そんな私の封印を解いたのは蒼馬だった。蒼馬は、閉塞感漂う学校の空気や、彼の優しく繊細な心に気付けない教師たちによって傷つけられ、声にならない叫びを表出していた。私にとって大切なお兄さん的存在である蒼馬。そんな蒼馬がなぜ「問題児」というレッテルを貼られなければならないのか。子どもながらに私は疑問を抱いていた。
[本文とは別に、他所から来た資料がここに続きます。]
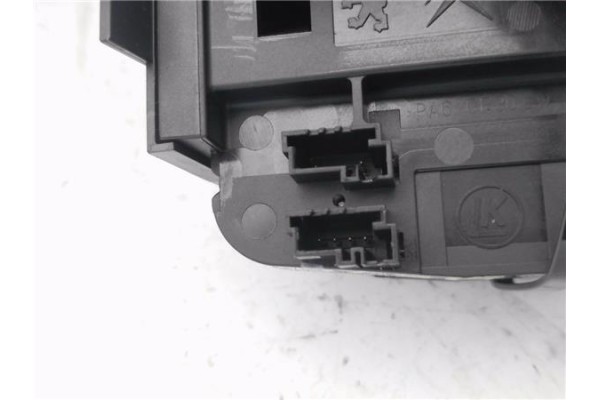 Recambio de mando intermitencia para peugeot 3008 1.2 allure referencia OEM IAM 98262594ZD 98035106ZD 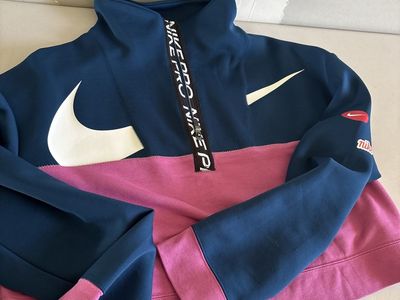Nike Sweatshirts size Small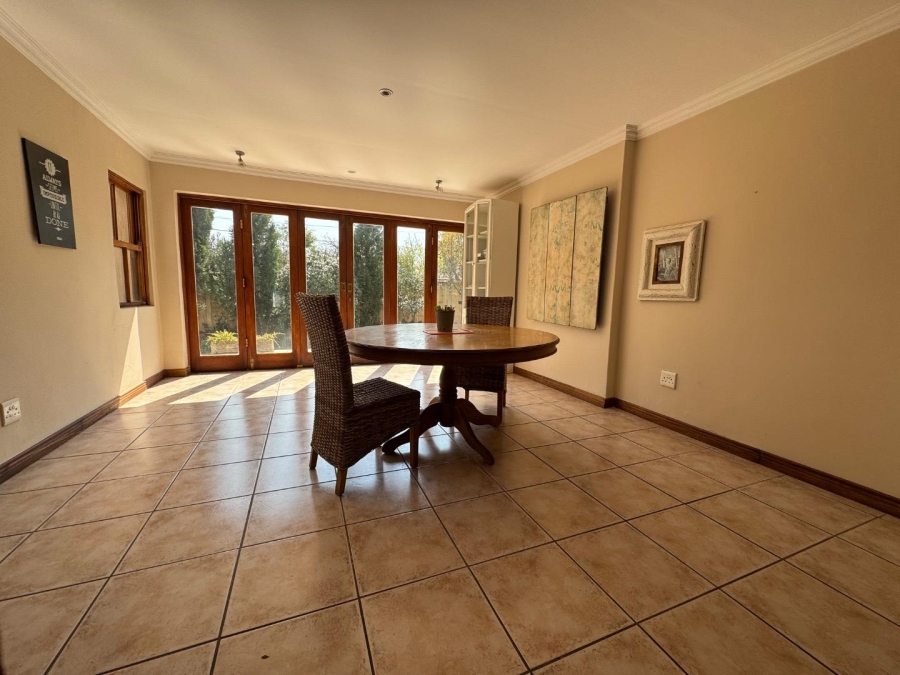 6 Bedroom Property for Sale in Waterkloof Gauteng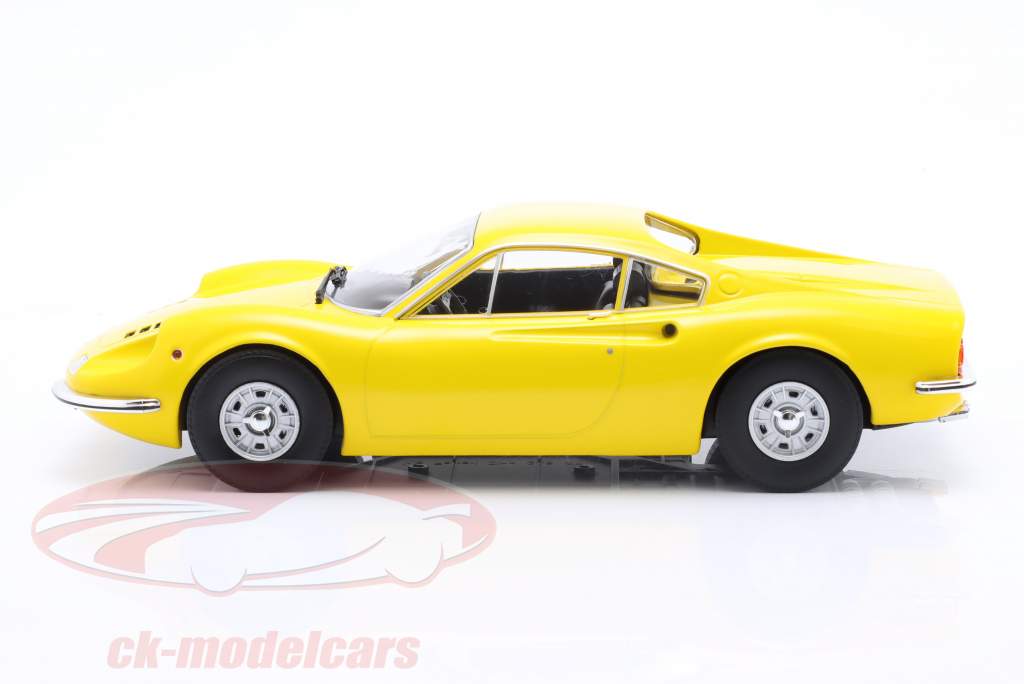 Ferrari Dino 246 GT year 1969 yellow 1:18 Model Car Group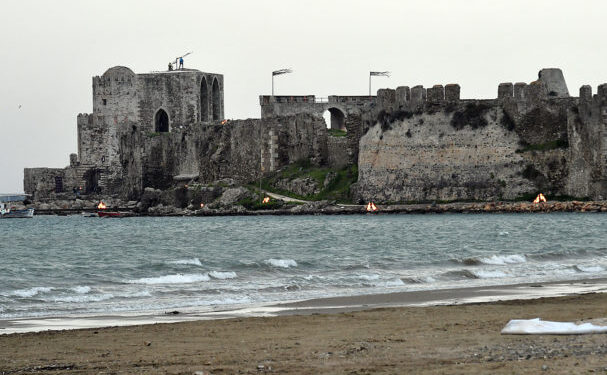 Τι απαντά για τις καθυστερήσεις στις πληρωμές διεθνών παραγωγών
〝あの日〟から数年が経ち、蒼馬の小学校卒業が間近に迫ったある日。彼との会話の中で、ふと昔していた沢の探検の話題になった。〝あの日〟を境に心に封印をした私と、様々な苦しい体験を重ねてきた蒼馬。小学6年生という多感な時期に差し掛かった彼は、果たして河童に出遭ったことを覚えているのだろうか。それとも「なかったこと」として記憶から消してしまったのだろうかー。「ねぇ、あの時、…河童、見た…よね?」私は勇気を出して尋ねてみた。蒼馬にだけは〝あの日〟のことを覚えていて欲しかった。

「うん!」

柔らかな笑顔を浮かべて頷いた蒼馬の姿を、私は一生忘れない。「そうだ!河童はいたんだ!河童は、この世にいて良いんだ!」

十数年の月日が流れ、私は子どもたちと関わる職に就いた。「河童などいない」という価値観が未だ根深い社会と、河童を見ることができる眼や心を持つ子どもたちとの狭間で、ふと〝あの日〟の記憶が蘇ることがある。子どもたちが未知との出遭いに心震わせ、安心して「河童を見た!」と表現できる社会を創るー。それが河童に出遭った者の使命なのだろう。夢が現か分からぬ〝あの日〟の記憶を胸に、これからも危険を冒しながら道を切り拓いていきたい。